New Environmental Rules May Raise Electricity Costs

The cost of electricity would increase substantially and service reliability could be significantly affected under proposed federal environmental rules, the staff of the Virginia State Corporation Commission said in comments filed this week with the U.S. Environmental Protection Agency this week.

Federal officials are calling for cutting carbon emissions from existing power plants 30 percent below 2005 levels by 2030 in an effort to fight climate change, improve public health and provide affordable energy.

Those rules would lead to a rise in electricity prices because they would much of today's electricity production be replaced with costly generation and expensive programs to decrease energy use, the SCC staff said.

The EPA predicts that Virginia utilities will have to shut down fossil-fuel power plants reliably producing 2,851 megawatts of electricity, and replace that generation with just 351 megawatts of wind power.

"This raises alarming regional reliability concerns," the staff said.

But the SCC staff said it takes no position on the broad policy questions involving carbon emission reductions on a national level and said its comments should not be construed as representing the views of the SCC's commissioners, who may have to decide on utility plans to comply with the federal rules.

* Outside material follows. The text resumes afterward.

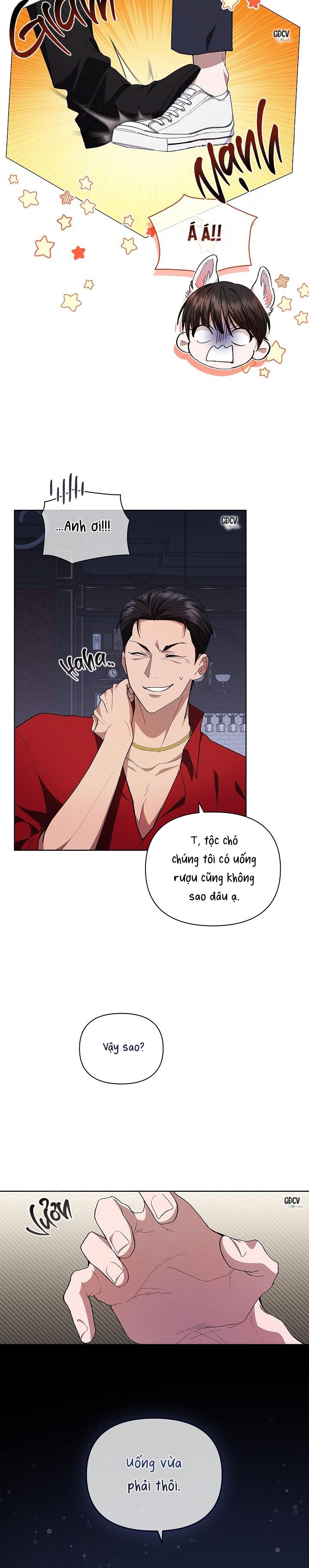 Đọc truyện ĐỪNG CHẠM VÀO CÚN CON CỦA TÔI - Chapter 1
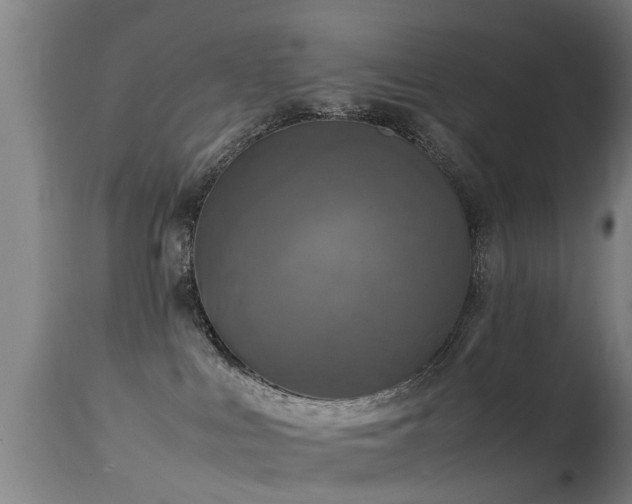 X0000113290043200909211114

The Richmond Times-Dispatch reports that the staff said it made an "indicative cost analysis" of the incremental cost for Dominion Virginia Power to achieve the EPA's carbon reduction goals. For example, complying with the rules would likely cost Dominion Virginia Power customers alone an extra $5.5 billion to $6 billion, the staff said. Richmond-based Dominion is the state's largest electric utility.

However, environmental groups questioned the SCC staff's analysis, saying Virginia is already 80 percent of the way to meeting the state's carbon pollution target under the Clean Power Plan.

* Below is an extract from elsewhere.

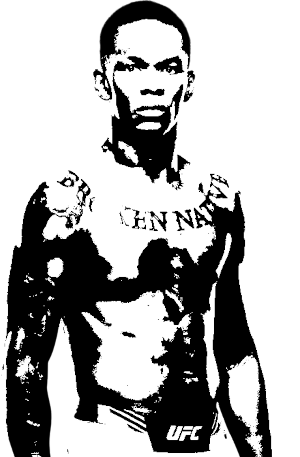 Image of fighter undefined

"The SCC staff analysis is just plain wrong," said Glen Besa, director of the Sierra Club's Virginia Chapter. "They're playing politics with climate change science and they have no business doing that, and they're bringing discredit on the commission."

Cale Jaffe, director of the Southern Environmental Law Center's Virginia office, said almost all of those reductions are coming from coal plant retirements and natural gas conversions that the utilities put in place long before the Clean Power Plan was released.